St Thomas' 0-15 Loughgiel 0-7:On the long and winding road back west from Clones on Saturday, St Thomas' were left pondering the delicious reality that a trip to Croke Park on St Patrick's Day beckons. The Thomas' feelgood story has been built on such hard work that the win over Loughgiel Shamrocks was almost emblematic of their rise as a force in the club hurling world.
A performance of manic intensity mirrored the drive and desire that has seen St Thomas’ climb the ladder in Galway and beyond.
An All-Ireland title is within their grasp, but the storied history involving Offaly and Galway teams ensures nothing will be taken for granted.
Thomas’ know that they must replicate the graft that vexed the holders Loughgiel in a frenetic match.
Somehow the Galway club escaped without leaking a goal in the first seven minutes as Loughgiel’s Benny McCarry (twice) and Liam Watson spurned three gilt-edged chances. The two managers agreed on the significance of the misses.
St Thomas’ John Burke, who had six sons involved in the contest admitted.
“We were very lucky early on in that they got three goal chances. We were lucky, one was blocked out and the others went wide.
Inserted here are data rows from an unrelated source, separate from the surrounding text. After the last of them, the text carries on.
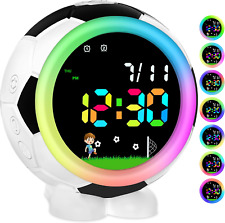 Calcio Sveglia Bambini per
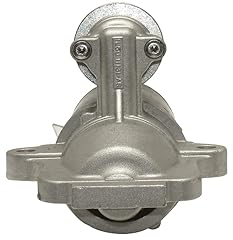 Parts new starter for sale  Delivered anywhere in USA 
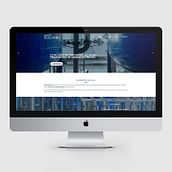 Ingeniería Solvan. Graphic Design, Web Design, and UX / UI project by dowhile - 11.27.2017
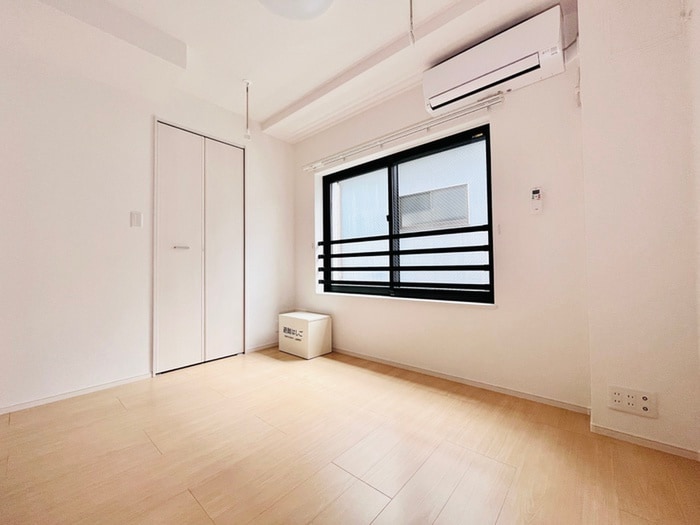 アズ浅草橋レジデンスの居室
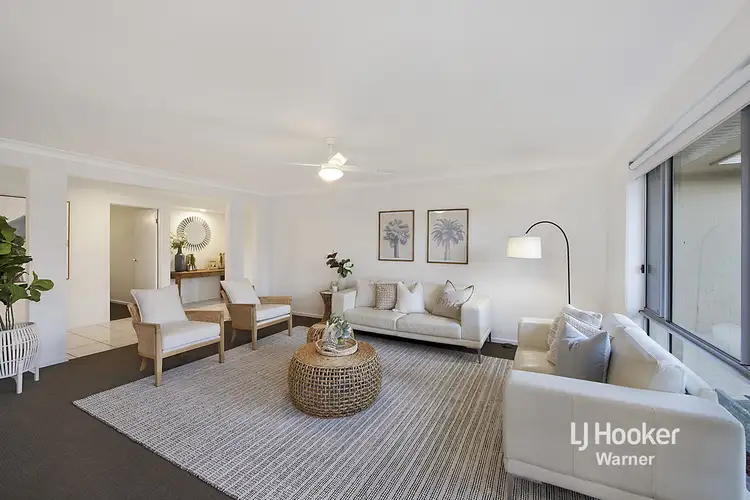 11 Ballyalla Crescent, Warner QLD 4500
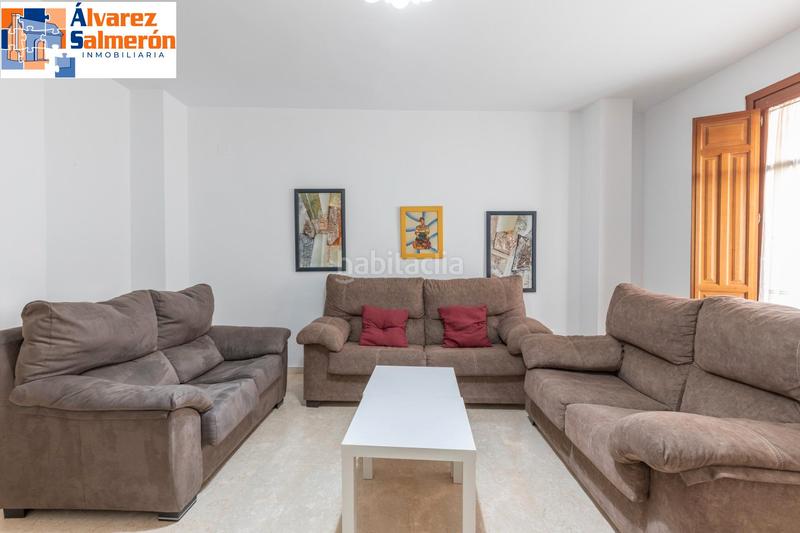 Foto 37f14fab-f776-432e-97fa-8ccfe405729f. Etagenwohnung mit heizung in Centro - Sagrario Granada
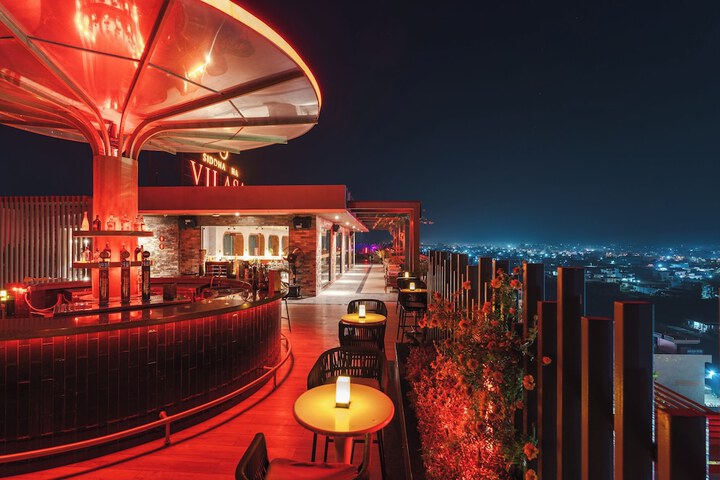 Terrace/Patio 64 of 70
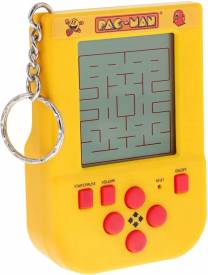 Pac-Man - Keyring Arcade voor de Merchandise kopen op nedgame.nl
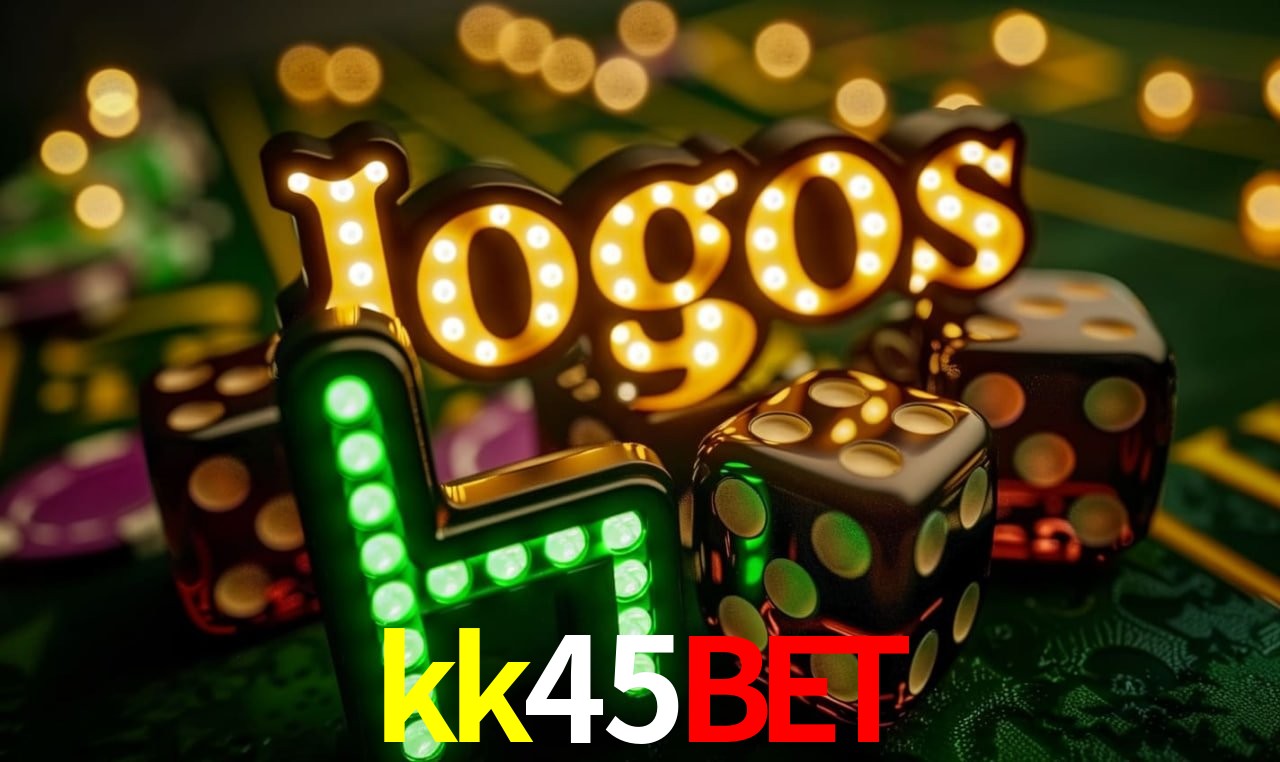 Promoção Relâmpago kk45bet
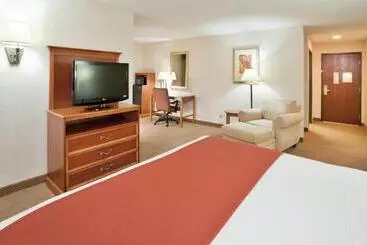 酒店 Seasons Inn & Suites Highland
They started the way we started the last day with a blitz, but we were lucky we got away with it.”
Loughgiel’s PJ O’Mullan had a similar verdict.
“Our game plan was to get a good start and we created good goal chances in the first 10 minutes and we didn’t take any of them. Even if we had taken two of them it would have given us a six- or seven-point buffer.”
That wasn’t the case and Thomas’ settled to eventually depart at the interval armed with a 0-6 to 0-5 advantage.
A Watson free restored parity within seconds of the restart, but then Thomas’ delivered when it truly mattered clipping eight points in a row.
Conor Cooney struck four, the bustling Bernard Burke, a cousin of the manager, nailed three splendid efforts from play, and Richie Murray also split the uprights.
Watson terminated a 26 -minute search for a Loughgiel score, but St Thomas’ weren’t going to be denied. Afterwards Burke spoke passionately but with clarity about the inspiration Loughgiel’s remarkable rise had given to hurlers throughout the land.
Early age
“It is something we all dream about from an early age to try to get your club to Croke Park on St Patrick’s Day. To get there with your club-mates is great. We started last year and I said to PJ after the game that in a way they were the cause of their own downfall.
“They drove us on and we saw the way they won it last year and the way they hurled. We said to ourselves that this can be done if we focus and play the way we can hurl. We felt we could get there.”
A mixture of character, class and conviction is why St Thomas’ will head for the capital heartened. They embraced the physical challenges that were set for them in Clones
“We were primed for a battle and we knew we had to be after the last day. It was a hard, physical game. There wasn’t one mean stroke in it. They are a super hurling team. I saw them last year and Loughgiel are an unbelievable hurling team. . . I am not just saying that because we won this game. I said to our lads that if we can play hurling like them, to move the ball around the field quickly, then we can go places.”
Now Croke Park beckons.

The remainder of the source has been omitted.